Now you're having to qualify your statement, so I think my point has been made. :-)
Roja wrote:Notice that now you are on a different topic.
Nope, I just generated an MD5 hash.
Roja wrote:Now, instead of checking a checksum to ensure a files contents are intact, you are checking the checksum of a password to validate identity. Two different processes.
Can you clarify what you mean? It's the exact same process - comparing expected output (with known input) with actual output.
Roja wrote:The danger is in a collision. If I can generate a collision - a duplicate session_id - in a short period of time (5 seconds works), then I can become another user.
I unfairly painted you into a corner here, but you're wrong, and this was my original point. (I didn't expect for you to try to defend this - I just meant to make a point.)

You're glossing over something substantial and missing the point. If you can generate a collision, can you really generate a duplicate session identifier? Think about that a bit more, and I think you'll understand the flaw in your statement. Generating collisions doesn't help you determine the output - in fact, the output is what you're trying to duplicate, so that must be already known.

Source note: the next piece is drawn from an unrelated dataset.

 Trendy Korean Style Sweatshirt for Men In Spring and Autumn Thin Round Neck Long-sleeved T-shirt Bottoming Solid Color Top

Roja wrote:One, I'm not here to take a test.
I'm just here to help people, including those who want to challenge me. :-)
Roja wrote:Why, as a security researcher, are you advocating the use of a broken algorithm in the specific scenario where it has been shown to be weak, when there are suitable alternatives?
Primarily because I'm being pragmatic (and taking the current problem into consideration, since this isn't a generic hashing discussion).

Until the new hash extension is included in PHP, PHP developers don't have very good alternatives (mhash is probably the best). Using PHP code written by someone else that claims to implement a more secure algorithm places a lot of trust in that implementation. It might be fine, but I feel pretty confident that the md5() function has no flaws other than ones that exist in the algorithm itself. A flawed implementation of something else can potentially be much worse, and I prefer to know my risks.